We do the following:

Start the system with the data register and acnilla qubit initialized to $| 0 ⟩$ 's

| ψ ⟩ = {| 0 ⟩}^{\otimes n} | 0 ⟩

Apply an $X$ gate to the ancilla qubit to flip it to a $| 1 ⟩$ . We have $| ψ ⟩ = {| 0 ⟩}^{\otimes n} | 1 ⟩$
Apply $H$ to both the data register bits and the ancilla bits. For the data register, in general:

H^{\otimes n} | x_{1} . . . x_{n} ⟩ = ⨂_{i = 1}^{n} H | x_{i} ⟩

As such, for the $H$ gate in general:

H^{\otimes n} {| 0 ⟩}^{\otimes n} = \frac{1}{\sqrt{2^{n}}} \frac{1}{\sqrt{2^{n}}} (| 000. . .0 ⟩ + | 000. . .1 ⟩ + \dots + | 111. . .1 ⟩)

Which we can rewrite as:

H^{\otimes n} {| 0 ⟩}^{\otimes n} = \frac{1}{\sqrt{2^{n}}} \sum_{x = 0}^{2^{n} - 1} {| x ⟩}^{\otimes n} = \frac{1}{\sqrt{2^{n}}} \sum_{y = 0}^{2^{n} - 1} (- 1)^{x \cdot y} {| y ⟩}^{\otimes n}

where $x \cdot y$ is the bitwise inner product mod 2 as $x \cdot y = x_{0} y_{0} \oplus x_{1} y_{1} \oplus \dots \oplus x_{n - 1} y_{n - 1} \mod 2$ , allowing for operations like $H^{\otimes n}$ to happen on all $2^{n}$ possible states (allowing for exponential parallelism).
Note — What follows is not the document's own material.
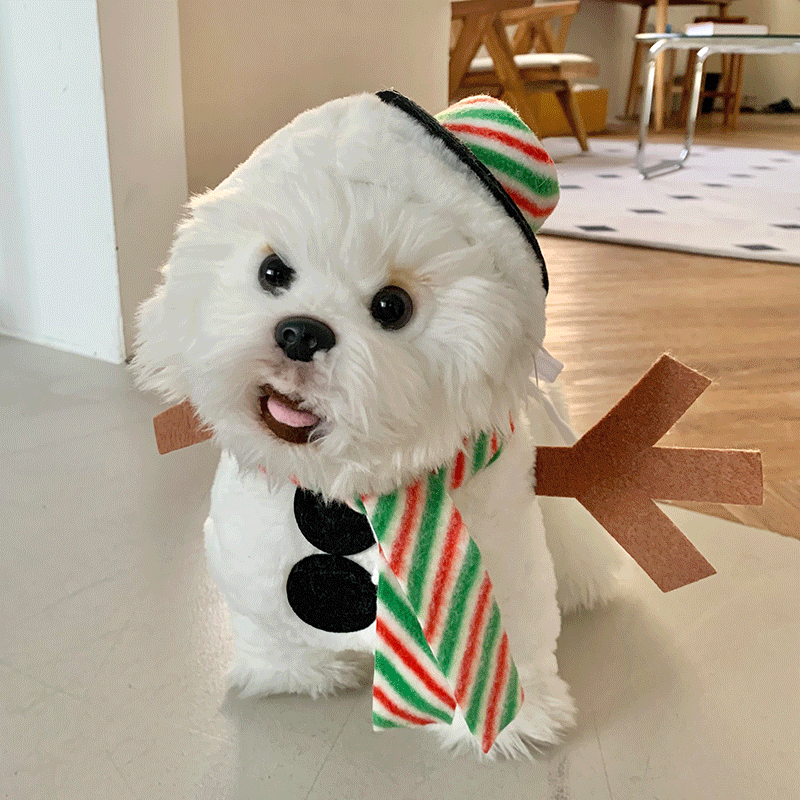 강아지옷 눈사람 코스튬 코스프레 크리스마스 반려견 반려묘 강아지후드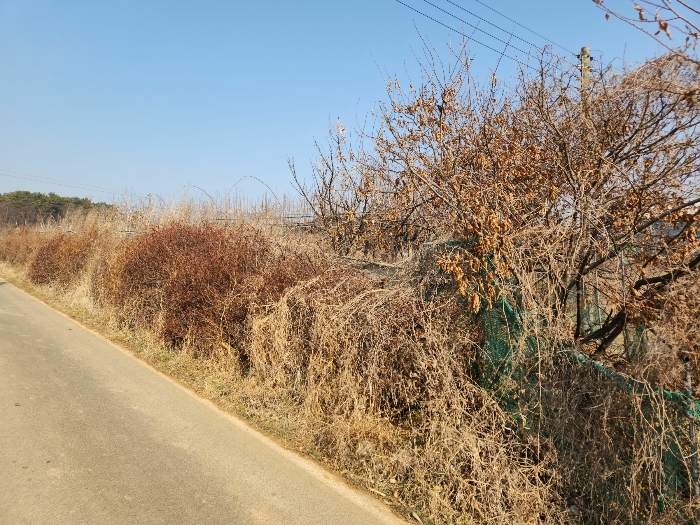 충청남도 당진시 송악읍 중흥리 492-8 외 5필지 대지 경매 사진 41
As such, for our steps above we have:

H^{\otimes n} {| 0 ⟩}^{\otimes n} = \frac{1}{\sqrt{2^{n}}} \sum_{x = 0}^{2^{n} - 1} | x ⟩

getting back to our circuit, apply $H$ gates to both the data register and ancilla bits (step 3):

H^{\otimes n} {| 0 ⟩}^{\otimes n} H | 1 ⟩ = \frac{1}{\sqrt{2^{n + 1}}} \sum_{x = 0}^{2^{n} - 1} | x ⟩ \underset{Applied from Second H}{\underset{⏟}{(| 0 ⟩ - | 1 ⟩)}}

By applying the oracle function $y \oplus f (x)$ into the ancilla qubit, we get:

\begin{aligned} y \oplus f (x) & = \frac{1}{\sqrt{2^{n + 1}}} \sum_{x = 0}^{2^{n} - 1} | x ⟩ ([| 0 ⟩ - | 1 ⟩] \oplus f (x)) \\ = \frac{1}{\sqrt{2^{n + 1}}} \sum_{x = 0}^{2^{n} - 1} | x ⟩ (| 0 \oplus f (x) ⟩ - | 1 \oplus f (x) ⟩) \\ = \frac{1}{\sqrt{2^{n + 1}}} \sum_{x = 0}^{2^{n} - 1} | x ⟩ (| f (x) ⟩ - | 1 \oplus f (x) ⟩) \end{aligned}

Focus on the term $| f (x) ⟩ - | 1 \oplus f (x) ⟩$ .

If $f (x) = 0$ then this term evaluates to $| 0 ⟩ - | 1 \oplus 0 ⟩ = | 0 ⟩ - | 1 ⟩$
If $f (x) = 1$ then this term evaluates to $| 1 ⟩ - | 1 \oplus 1 ⟩ = | 1 ⟩ - | 0 ⟩$

Thus we can write this term as $(- 1)^{f (x)} (| 0 ⟩ - | 1 ⟩)$ . Substituting:

y \oplus f (x) = \frac{1}{\sqrt{2^{n + 1}}} \sum_{x = 0}^{2^{n} - 1} | x ⟩ (- 1)^{f (x)} (| 0 ⟩ - | 1 ⟩)

Note

The ancilla qubit is unchanged from this operation!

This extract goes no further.